Od początku sezonu numerem jeden był Krzysztof Kotorowski. Jasmin Burić szanse gry otrzymał tylko w meczu Pucharu Polski z Chrobrym Głogów, a także dwóch spotkaniach Młodej Ekstraklasy. Bośniak się nie załamywał i starał jak najlepiej prezentować przed Jose Marii Bakero, co mu się udało, ponieważ hiszpański szkoleniowiec zapowiedział, że w meczu z Koroną Kielce w bramce zagra właśnie Burić.
- Jest to decyzja podjęta na spokojnie.
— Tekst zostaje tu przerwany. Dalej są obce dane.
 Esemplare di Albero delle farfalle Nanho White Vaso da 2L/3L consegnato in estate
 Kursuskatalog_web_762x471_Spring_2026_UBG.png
Jasmin każdego dnia spokojnie pracuje i jest już na takim poziomie, że zasługuje na swoją szansę. Kotorowski dał mi najwięcej od momentu, gdy jestem w tym klubie, ale myślę, że jest to moment, w którym Burić puka do drzwi pierwszego składu i trzeba mu je otworzyć. Należy jednak pamiętać, że "Kotor" cały czas jest przygotowany do gry - powiedział Jose Maria Bakero.
Kotorowski od początku sezonu prezentował się bardzo dobrze. Jedynie w meczu ze Śląskiem Wrocław zaprezentował się fatalnie i mógł liczyć się z utratą miejsca w bramce. Ostatecznie sztab szkoleniowych nie zdecydował się odsunąć "Kotora" od składu. Dostał on szansę w meczu z Cracovią Kraków i nie zawiódł, choć za wiele pracy nie miał.
Mimo to z Koroną zagra Burić i będzie miał okazję, aby na dłużej zostać pierwszym bramkarzem Kolejorza. Jego problemem może być jednak brak ogrania, bo od dawna występował bardzo rzadko. Co ciekawe ostatni raz w ekstraklasie 24-letni bramkarz zagrał w 30. kolejce zeszłego sezonu właśnie z Koroną Kielce.